WORK INSTRUCTIONS
Retype the following data exactly, but leave its pictures out.

GIVEN INFORMATION
● ● ●
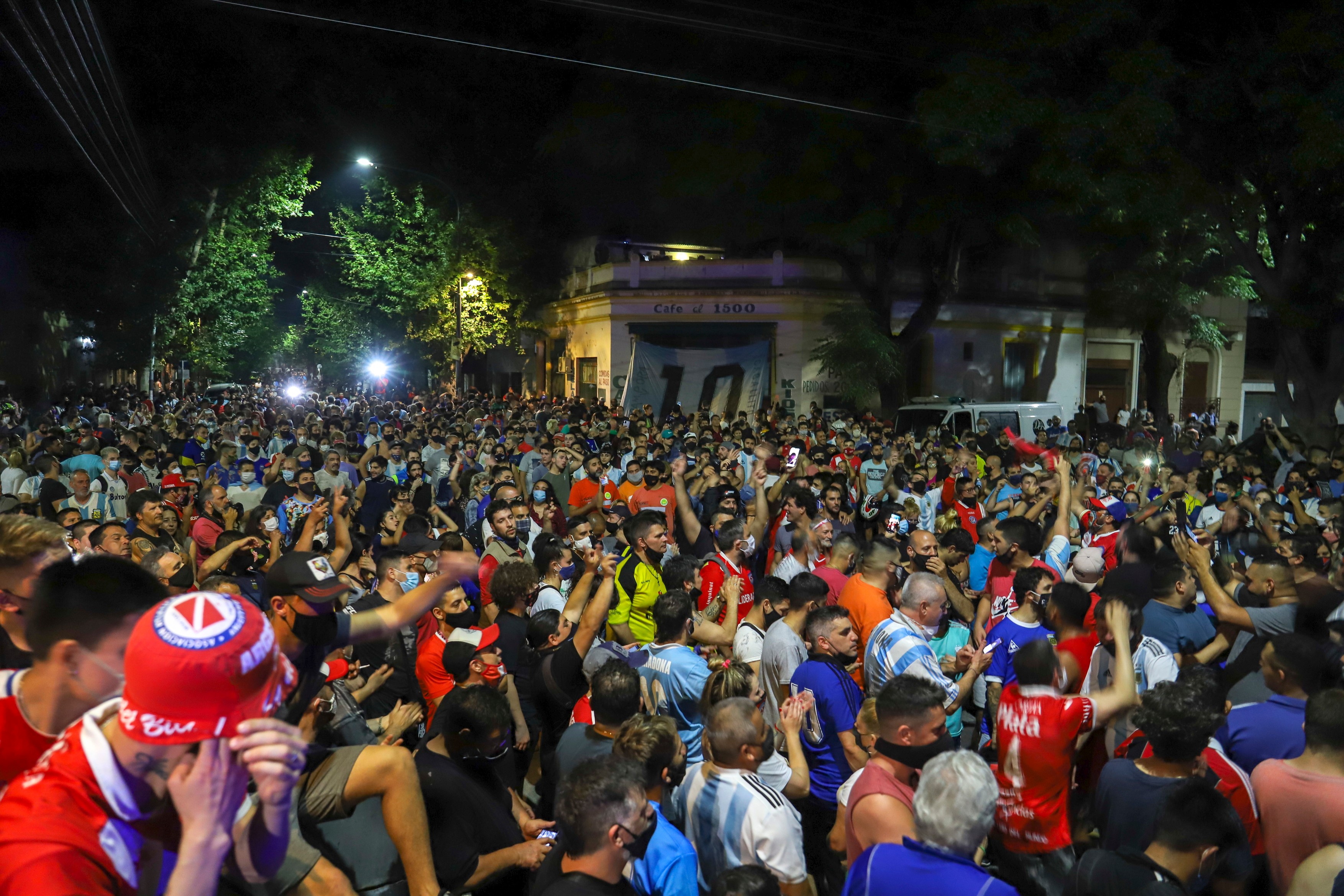 VIDEO. Mii de oameni s-au adunat de la 6 dimineața, la palatul prezidențial din Buenos Aires, unde a fost depus sicriul cu Maradona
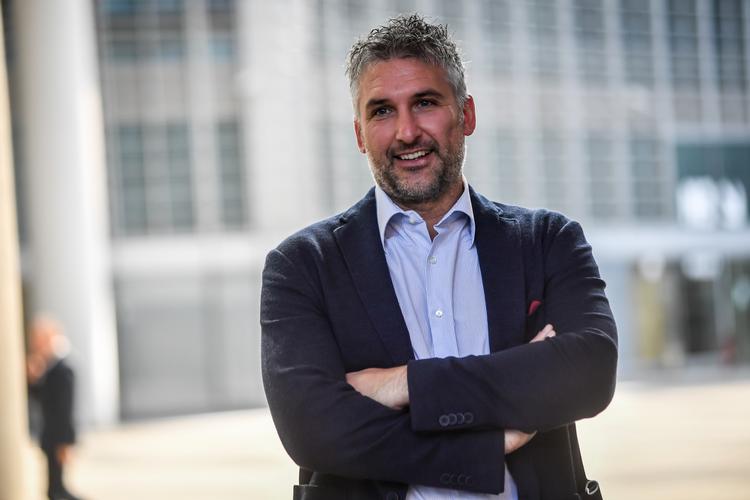 Europas første coronapatient, Mattia Maestri fra den italienske by Codogno, mistede sin far til corona, dagen efter at han selv var vågnet af koma.  Foto: Claudio Furlan/LaPresse via ZUMA Press   Foto: Claudio Furlan/Ritzau Scanpix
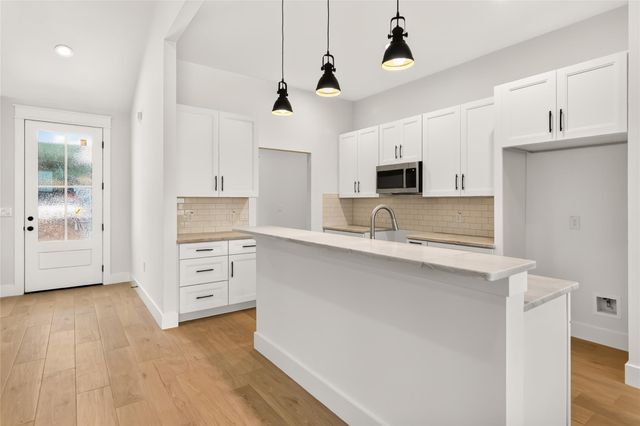 12 Summertime CIR, Wimberley, TX 78676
● ● ●
SOLUTION TO THE PROBLEM
 VIDEO. Mii de oameni s-au adunat de la 6 dimineața, la palatul prezidențial din Buenos Aires, unde a fost depus sicriul cu Maradona
 Europas første coronapatient, Mattia Maestri fra den italienske by Codogno, mistede sin far til corona, dagen efter at han selv var vågnet af koma.  Foto: Claudio Furlan/LaPresse via ZUMA Press   Foto: Claudio Furlan/Ritzau Scanpix
 12 Summertime CIR, Wimberley, TX 78676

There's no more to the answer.